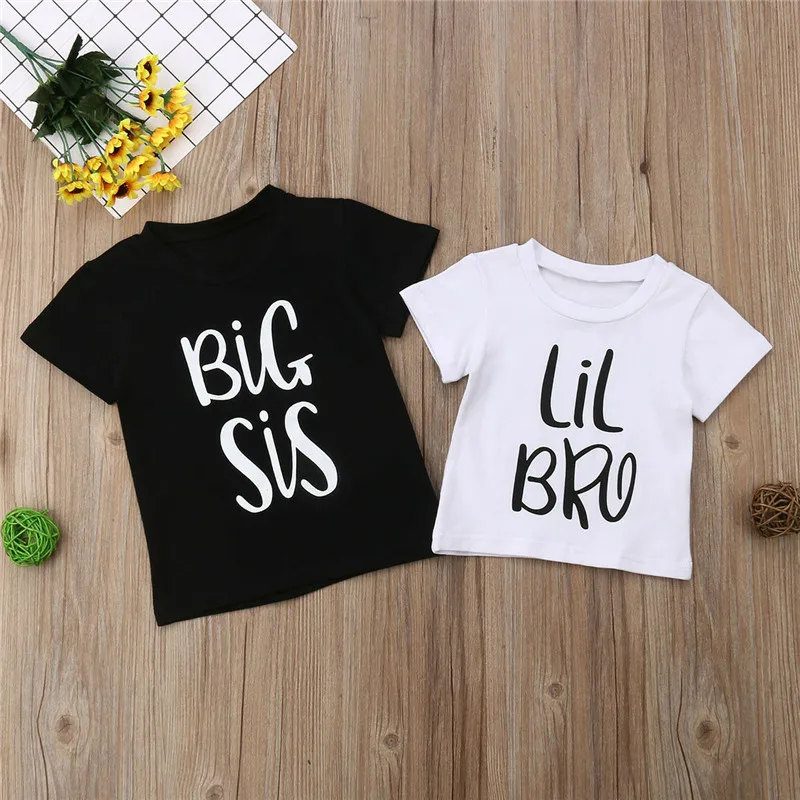 Conjunto camisetas a juego para hermana mayor y hermano pequeño - imagen 4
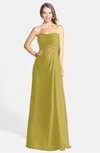 ColsBM Adley Golden Olive Glamorous A-line Sweetheart Chiffon Floor Length Ruching Bridesmaid Dresses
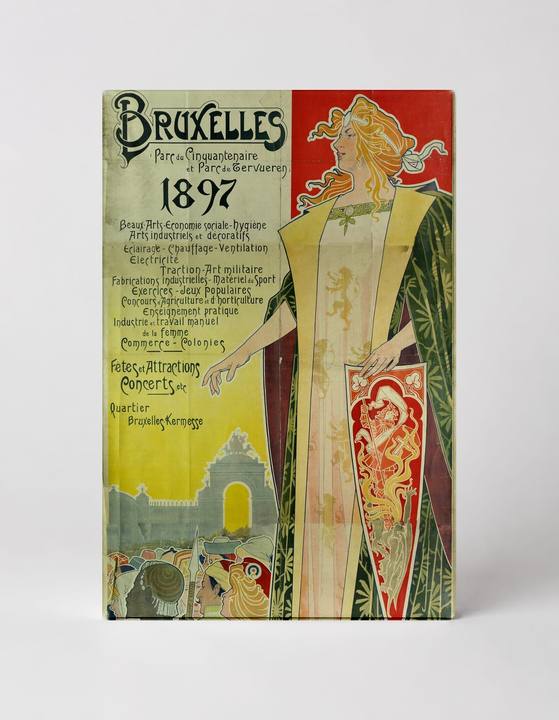 Exposition Internationale Bruxelles 1897 - Art Nouveau Vintage Poster Wall Art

▶ _PROBLEM STATEMENT_
With pictures excluded, output the listing above exactly as it stands.

▶ _OUTPUT BELOW_
 Conjunto camisetas a juego para hermana mayor y hermano pequeño - imagen 4
 ColsBM Adley Golden Olive Glamorous A-line Sweetheart Chiffon Floor Length Ruching Bridesmaid Dresses
 Exposition Internationale Bruxelles 1897 - Art Nouveau Vintage Poster Wall Art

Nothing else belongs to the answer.